[Saved data entries]
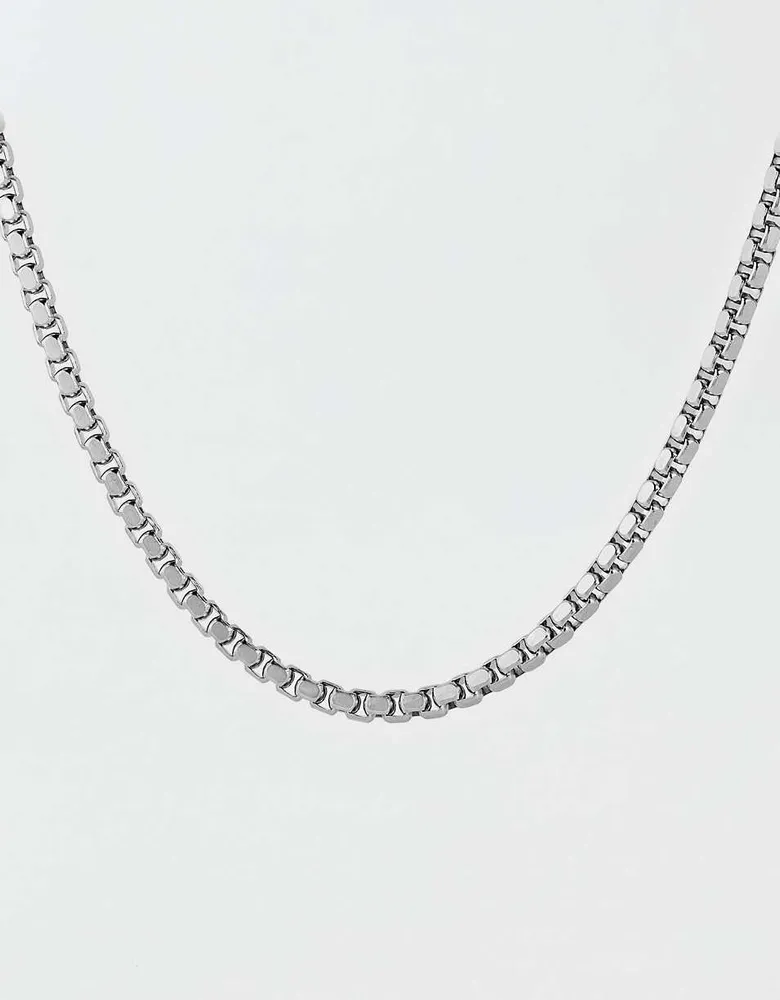 West Coast Jewelry Polished Stainless Steel Box Chain Necklace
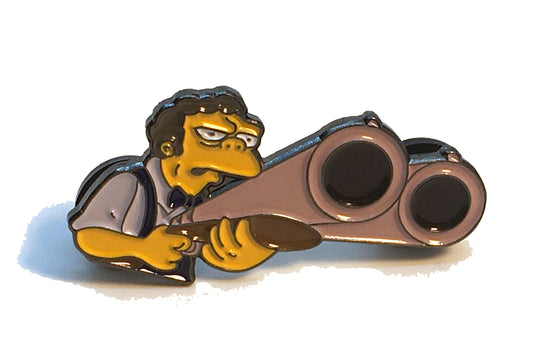 Moe Szyslak Shotgun Pin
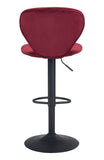 Zuo Modern Salem 100% Polyester, Plywood, Steel Modern Commercial Grade Barstool Red, Black 100% Polyester, Plywood, Steel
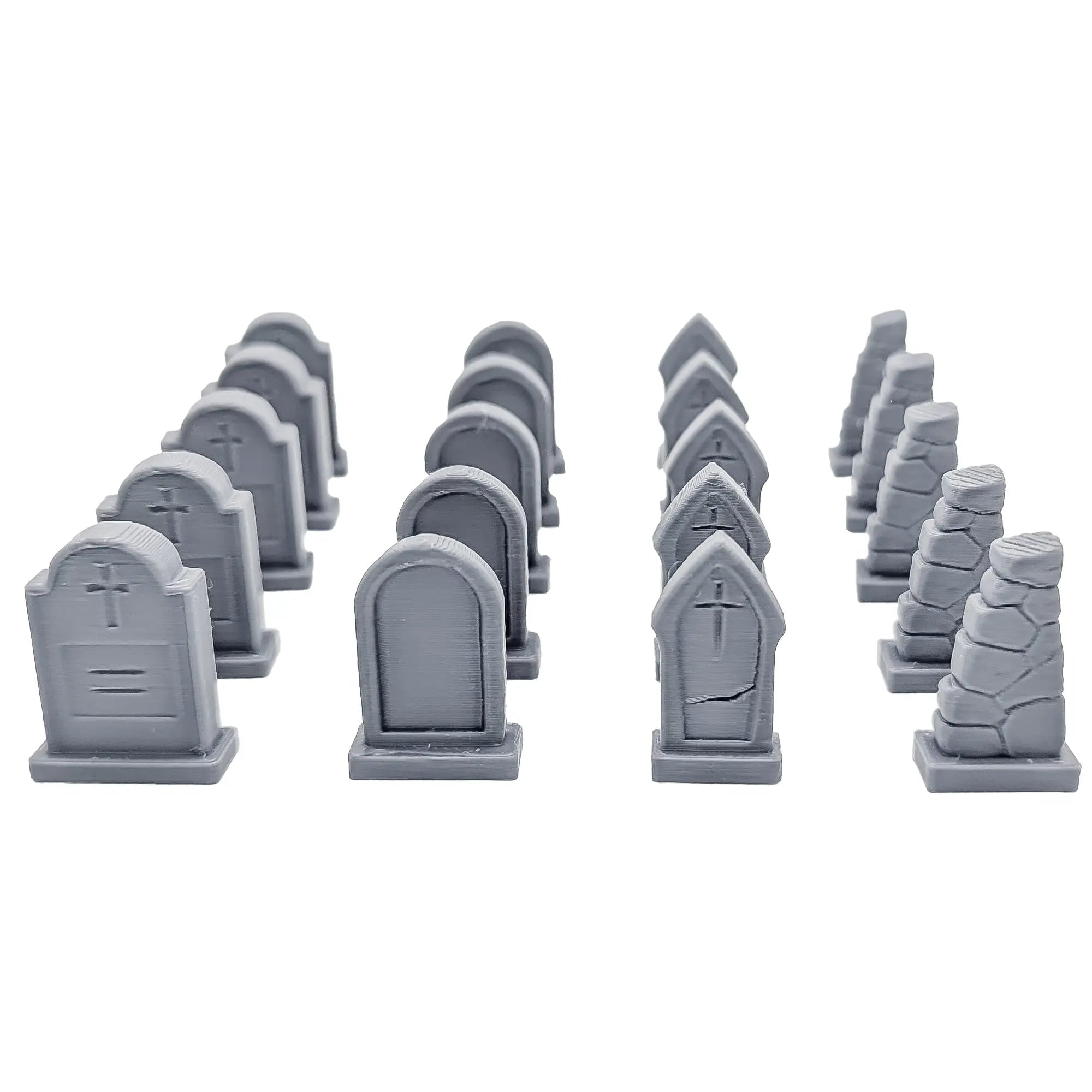 Graveyard Scatter Terrain for DND, RPG & Wargames – Mausoleum & Tombstones Kit - Blubber Cove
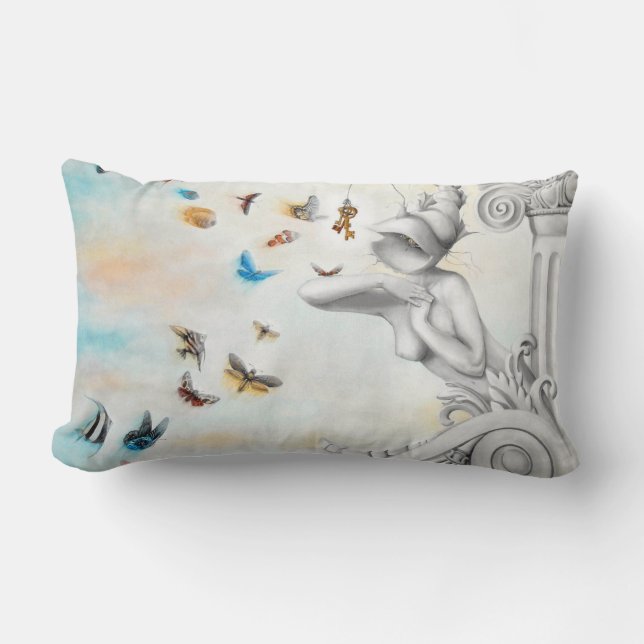 Coussin Rectangle Le portrait de la sirène (Recto)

Problem requirements:
Begin with the line that has "Zuo Modern Salem" and continue to the last line of the entries, printing each line exactly and nothing else; include both ends and skip the pictures.

Expected answer:
 Zuo Modern Salem 100% Polyester, Plywood, Steel Modern Commercial Grade Barstool Red, Black 100% Polyester, Plywood, Steel
 Graveyard Scatter Terrain for DND, RPG & Wargames – Mausoleum & Tombstones Kit - Blubber Cove
 Coussin Rectangle Le portrait de la sirène (Recto)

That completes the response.